● TRY IT
Your answer must hold only the lines below from the line containing "Alright guys, today" through the line containing "Hello, my name", each reproduced exactly.

● RECORDS SHOWN
------

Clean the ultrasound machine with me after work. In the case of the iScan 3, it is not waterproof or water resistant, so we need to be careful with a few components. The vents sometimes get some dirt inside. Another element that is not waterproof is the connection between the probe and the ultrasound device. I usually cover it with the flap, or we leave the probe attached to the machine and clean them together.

------

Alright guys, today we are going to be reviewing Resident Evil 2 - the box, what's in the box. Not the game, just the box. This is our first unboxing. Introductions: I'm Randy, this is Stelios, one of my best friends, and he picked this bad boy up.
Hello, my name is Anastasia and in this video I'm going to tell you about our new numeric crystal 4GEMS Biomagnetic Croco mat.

------

● RESPONSE BOX
Alright guys, today we are going to be reviewing Resident Evil 2 - the box, what's in the box. Not the game, just the box. This is our first unboxing. Introductions: I'm Randy, this is Stelios, one of my best friends, and he picked this bad boy up.
Hello, my name is Anastasia and in this video I'm going to tell you about our new numeric crystal 4GEMS Biomagnetic Croco mat.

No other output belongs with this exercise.